Victor Harman offers some advice for eking out that bit more from your refuel.
Never mind the extra mile. The 2011 MPG Marathon event this month could be a tight enough finish that even a few hundred yards will make a difference! 40-odd teams of two driver cars will be setting out to cover around 400 miles in two days, from a base at the Cotswold Water Park, south of Cirencester, and Diesel Car contributors are strongly represented this year. Editor Ian Robertson, Sue Baker, John Kendall, Peter Cracknell, Andrew Andersz and I are respectively driving the new Peugeot 3008 HYbrid4, a Skoda Octavia GreenLine II, a Citroën Nemo Van HDi 75, a Suzuki Swift 1.3 DDiS, a Kia Rio 1.1 CRDi ecoDynamics and a Citroën C4 1.6 HDi. There’ll be plenty of competition within the Diesel Car team and word has already escaped of friendly wagers! We’ll be driving for the honour of Diesel Car, and have plenty to live up to in terms of past performances, with John Kendall’s winning record in the light commercial class almost as boringly predictable as golf tournaments were before Tiger Woods lost his touch.

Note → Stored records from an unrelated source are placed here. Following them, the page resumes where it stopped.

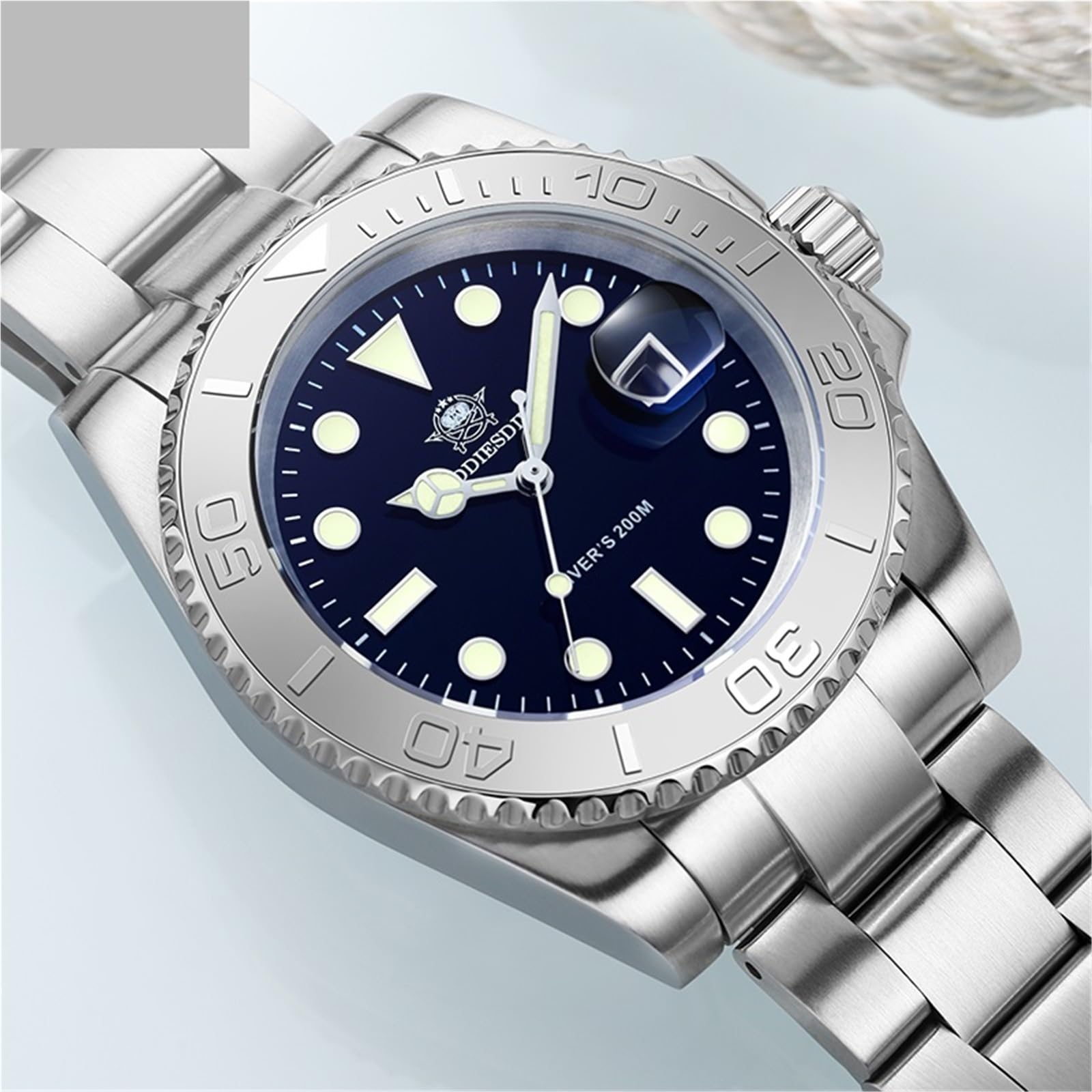 VELORE Zegarek ze stali nierdzewnej 200m Diver BGW9 Super Luminous RelOJ Hombre European and American Business Quartz Watch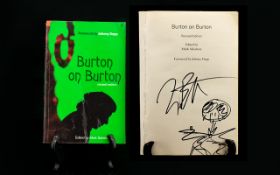 Tim Burton Signed Copy Of 'Burton On Burton' Includes Hand Drawn Sketch Of Nightmare Before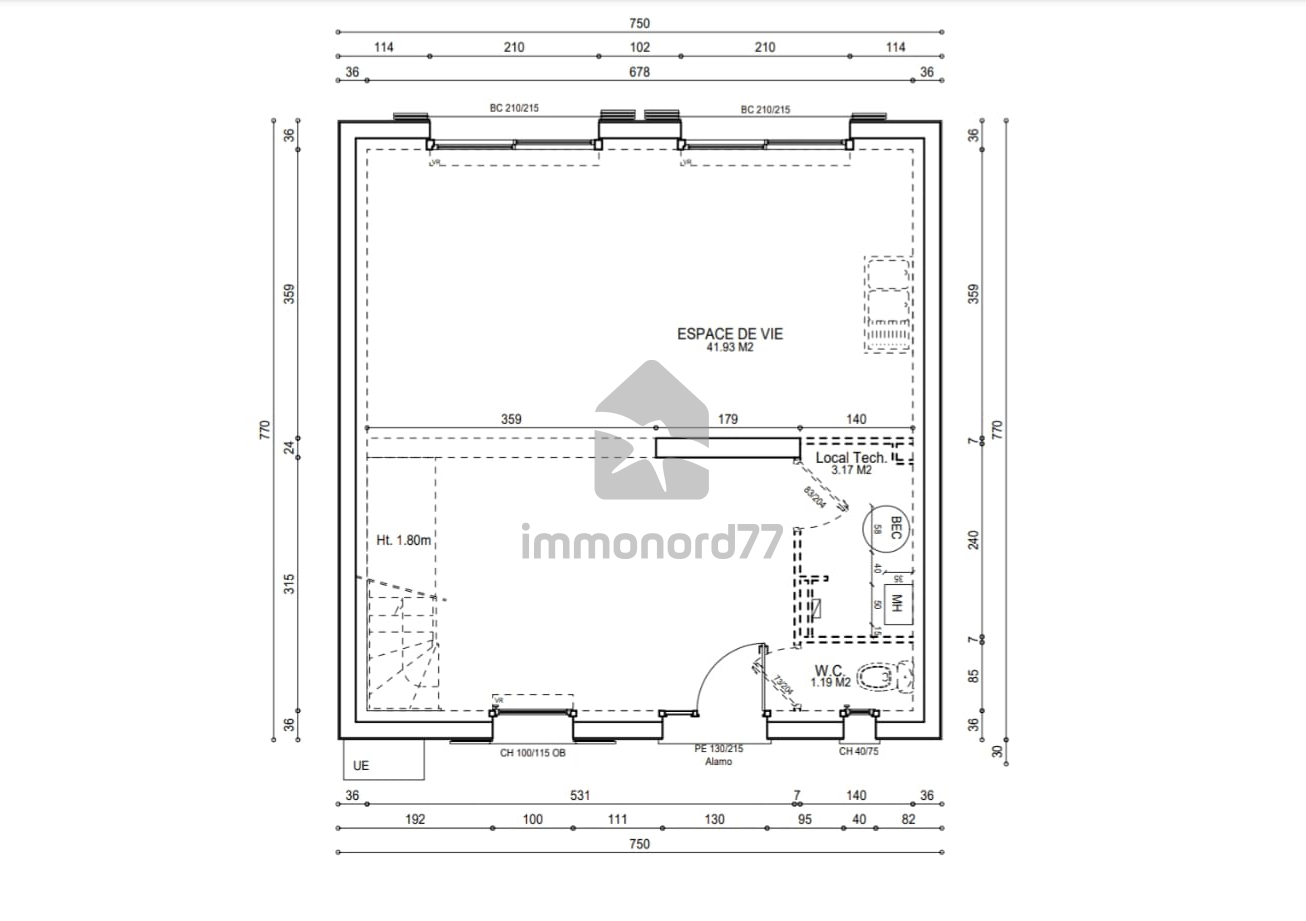Vente maison messy plan etage 656da8112ce21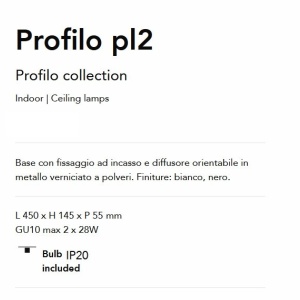 Plafoniera cu spoturi Profilo pl2 alba 128347 universul-luminii.ro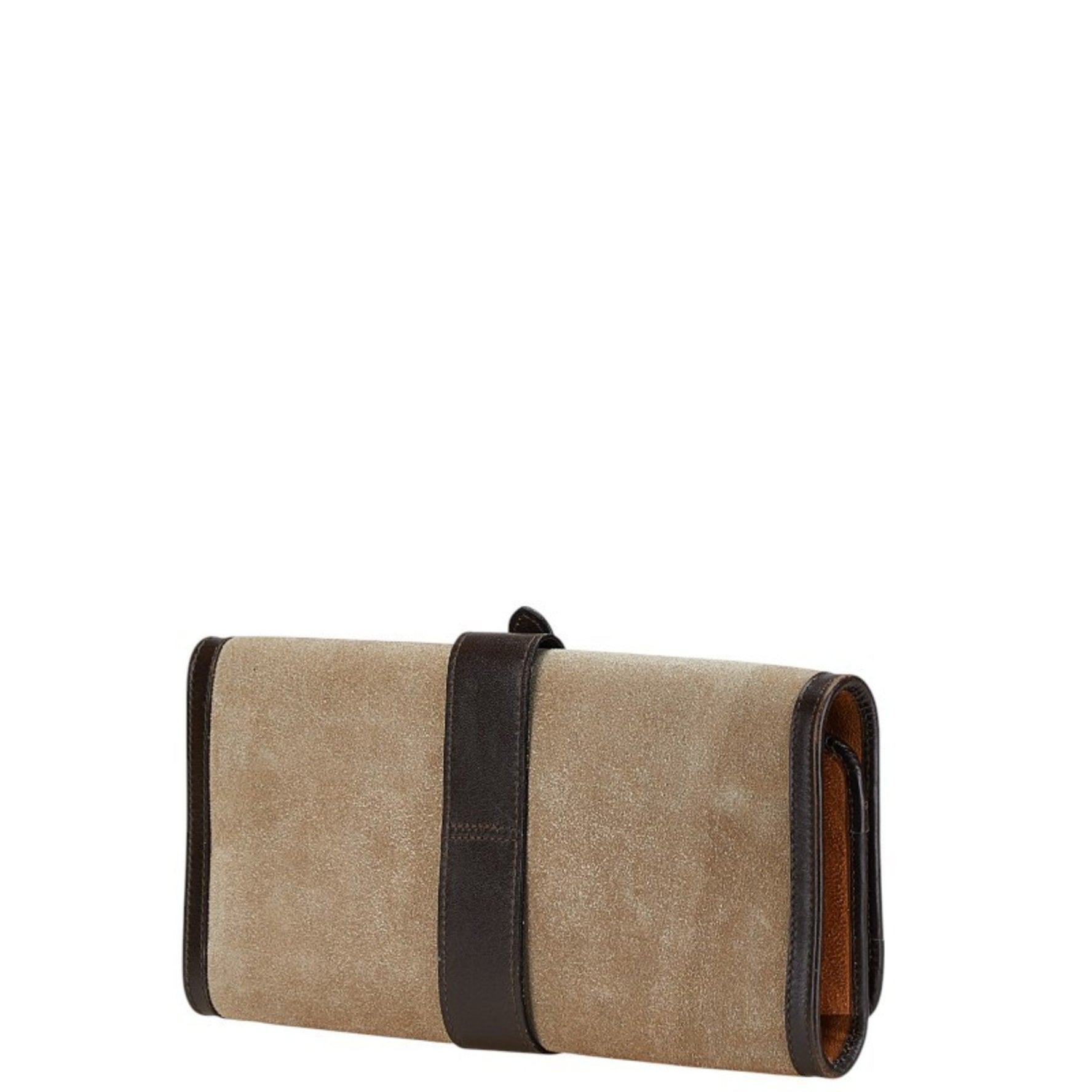 Celine Jewelry Pouch Suede Leather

Shell Fuelsave have replaced Total as co-sponsors of the event, along with ALD Automotive, the AA, TomTom, the Energy Saving Trust and Fleet World magazine. Competitors will thus all be running on this new standard price Shell Fuelsave Regular Diesel which, in Shell’s words, “is enriched with Shell Efficiency Improver, designed to improve fuel economy from the very first drop.” We’ll need every drop of that additive over those two days. As a competitor, what do I think will be the keys to a winning performance? I’ve written previously in some depth regarding the base principles of economy driving; mental attitude, planning, anticipation, and speed control. All these will be critical, but I feel that the motorway and dual-carriageway sections will possibly win or lose an award. The entry cars are very clearly marked with large body signage and this is one time when one has to be totally focused. Other drivers will see exactly why we are driving slowly and speed will be the key. High speeds gobble up fuel and it will be best to go into these stretches, totalling around 100 miles, with time in hand and the firm intention of cruising as slowly as possible, in the most appropriate gear, to maintain the 32mph average set for the event. So planning to arrive at the end of each day as comfortably close to the day’s time limit will be important. Over 200 miles the difference between averaging 32mph and 33mph is around 12 minutes. Even assuming that only half of the fuel is used in overcoming aerodynamic drag, arriving 12 minutes early at the finish each day could mean using as much as three per cent more fuel – and that difference of around 2.5mpg could easily win or lose an overall or class placing.
Some of you may be thinking about the idea of ‘coasting’ in neutral. In reality, I think there’s little opportunity for saving fuel this way and current technology make the potential gains even less. Modern fuel injection cars shut off the fuel supply completely on the overrun with a closed throttle, when the car’s momentum is driving the engine. Only if the engine speed drops below the normal slow running setting is the fuel supply restored to keep it running. So selecting neutral and coasting will often use more fuel. Shutting the engine down is, of course, highly dangerous, as power steering assistance is lost and there are other safety considerations with no engine power. So coasting is really out as an economy wheeze, as similarly is slip-streaming other vehicles, which is strictly forbidden. We’ll be publishing the event results in the next issue and reporting on the adventures of our five competing teams, who hopefully will be bringing home some silver for the Diesel Car display cabinet.